Em carta divulgada nesta quarta (16), a Fecombustíveis (Federação do Comércio de Combustíveis e Lubrificantes) diz que a política é perversa e que vem gerando dificuldades financeiras no setor de revenda.

Desde outubro de 2016, a Petrobrás passou a acompanhar mais de perto a variação das cotações internacionais e do câmbio. No fim de junho de 2017, anunciou que os reajustes passariam a ser diários, para competir com a importação por terceiros.

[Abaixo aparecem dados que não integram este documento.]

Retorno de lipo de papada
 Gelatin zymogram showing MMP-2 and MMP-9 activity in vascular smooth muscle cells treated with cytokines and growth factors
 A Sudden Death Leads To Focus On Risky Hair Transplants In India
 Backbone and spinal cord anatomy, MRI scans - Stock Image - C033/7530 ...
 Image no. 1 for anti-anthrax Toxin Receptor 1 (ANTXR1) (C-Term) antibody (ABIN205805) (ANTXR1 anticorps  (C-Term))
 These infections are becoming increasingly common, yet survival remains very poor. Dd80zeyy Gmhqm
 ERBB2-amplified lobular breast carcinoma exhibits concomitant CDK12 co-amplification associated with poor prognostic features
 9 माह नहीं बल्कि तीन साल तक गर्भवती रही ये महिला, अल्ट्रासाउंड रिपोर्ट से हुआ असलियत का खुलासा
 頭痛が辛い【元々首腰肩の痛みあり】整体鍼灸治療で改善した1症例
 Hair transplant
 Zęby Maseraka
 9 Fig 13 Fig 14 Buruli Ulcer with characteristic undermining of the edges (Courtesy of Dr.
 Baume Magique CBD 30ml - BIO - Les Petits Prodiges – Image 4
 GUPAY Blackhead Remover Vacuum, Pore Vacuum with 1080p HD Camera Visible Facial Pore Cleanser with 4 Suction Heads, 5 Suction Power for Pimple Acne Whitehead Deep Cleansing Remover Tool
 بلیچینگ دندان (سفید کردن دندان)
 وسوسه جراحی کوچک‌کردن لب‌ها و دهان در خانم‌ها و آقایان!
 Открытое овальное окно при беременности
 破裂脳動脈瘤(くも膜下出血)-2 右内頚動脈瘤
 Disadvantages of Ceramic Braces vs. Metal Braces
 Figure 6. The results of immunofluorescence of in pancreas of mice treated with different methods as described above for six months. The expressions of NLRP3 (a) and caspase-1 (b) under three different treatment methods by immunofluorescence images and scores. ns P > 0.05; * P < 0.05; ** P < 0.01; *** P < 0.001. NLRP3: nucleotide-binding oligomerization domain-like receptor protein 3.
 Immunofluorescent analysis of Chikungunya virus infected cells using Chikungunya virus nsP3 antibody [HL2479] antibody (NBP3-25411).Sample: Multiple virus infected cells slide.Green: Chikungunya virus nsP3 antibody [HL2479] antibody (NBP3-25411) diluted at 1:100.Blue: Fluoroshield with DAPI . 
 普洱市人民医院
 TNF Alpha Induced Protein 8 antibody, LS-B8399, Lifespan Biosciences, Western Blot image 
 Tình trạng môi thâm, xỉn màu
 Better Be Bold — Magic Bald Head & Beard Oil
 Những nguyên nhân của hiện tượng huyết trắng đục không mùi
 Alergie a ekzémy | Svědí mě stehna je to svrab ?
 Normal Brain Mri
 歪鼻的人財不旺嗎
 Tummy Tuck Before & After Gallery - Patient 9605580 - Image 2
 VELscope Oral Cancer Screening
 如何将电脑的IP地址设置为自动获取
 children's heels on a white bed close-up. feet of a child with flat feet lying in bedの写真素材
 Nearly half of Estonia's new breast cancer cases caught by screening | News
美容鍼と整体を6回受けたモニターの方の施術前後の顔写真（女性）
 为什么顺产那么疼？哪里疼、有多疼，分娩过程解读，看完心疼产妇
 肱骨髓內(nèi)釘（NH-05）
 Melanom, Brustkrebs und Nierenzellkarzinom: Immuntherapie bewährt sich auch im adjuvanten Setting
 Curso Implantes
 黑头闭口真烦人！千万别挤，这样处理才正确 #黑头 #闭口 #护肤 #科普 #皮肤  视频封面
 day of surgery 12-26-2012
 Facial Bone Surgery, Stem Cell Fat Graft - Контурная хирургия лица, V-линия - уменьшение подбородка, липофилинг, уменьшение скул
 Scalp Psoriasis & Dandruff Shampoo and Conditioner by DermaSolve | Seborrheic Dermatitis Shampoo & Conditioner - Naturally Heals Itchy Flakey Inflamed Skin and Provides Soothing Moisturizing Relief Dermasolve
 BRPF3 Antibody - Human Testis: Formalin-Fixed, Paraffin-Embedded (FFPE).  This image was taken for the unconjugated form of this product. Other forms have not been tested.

Segundo a Fecombustíveis, entre 1º de julho de 2017 e 15 de maio de 2018, diz a entidade, a gasolina nas refinarias teve aumento de 42,25%.

Nas bombas, o aumento acumulado é de 21,28%, segundo dados da ANP (Agência Nacional do Petróleo, Gás e Biocombustíveis).

"A política de preços adotada pela Petrobrás em suas refinarias está trazendo prejuízo para famílias e empresas brasileiras que dependem de um bem prioritário", diz a Fecombustíveis.

Nas últimas semanas, com a escalada do petróleo e do câmbio, os reajustes têm se intensificado.

Entre o dia 30 de março e o dia 15 de abril, por exemplo, a alta da gasolina nas refinarias foi de 17%. No diesel, foram 20%.

A Petrobras alega que não tem poder de formação de preços e que não deixará de vender combustíveis abaixo das cotações internacionais, política que gerou perdas bilionárias durante os governos petistas.

A Fecombustíveis reconhece que a gestão da estatal tem melhorado suas contas e a atração de investidores, mas questiona o custo para o consumidor. "É injusto que o povo brasileiro, no meio de uma longa crise econômica, seja sacrificado para beneficiar uma única empresa que foi criada e se desenvolveu em cima do monopólio da indústria do petróleo."

A entidade também critica a alta carga tributária, que representa cerca de 50% do custo final da gasolina. A alta de impostos foi responsável por cerca de 2/3 do aumento da gasolina desde julho de 2017.

"Caberia ao governo federal atuar com ferramentas cabíveis dentro da política energética para atenuar os efeitos das oscilações de preços dos combustíveis à sociedade, revendo a questão tributária", diz o texto.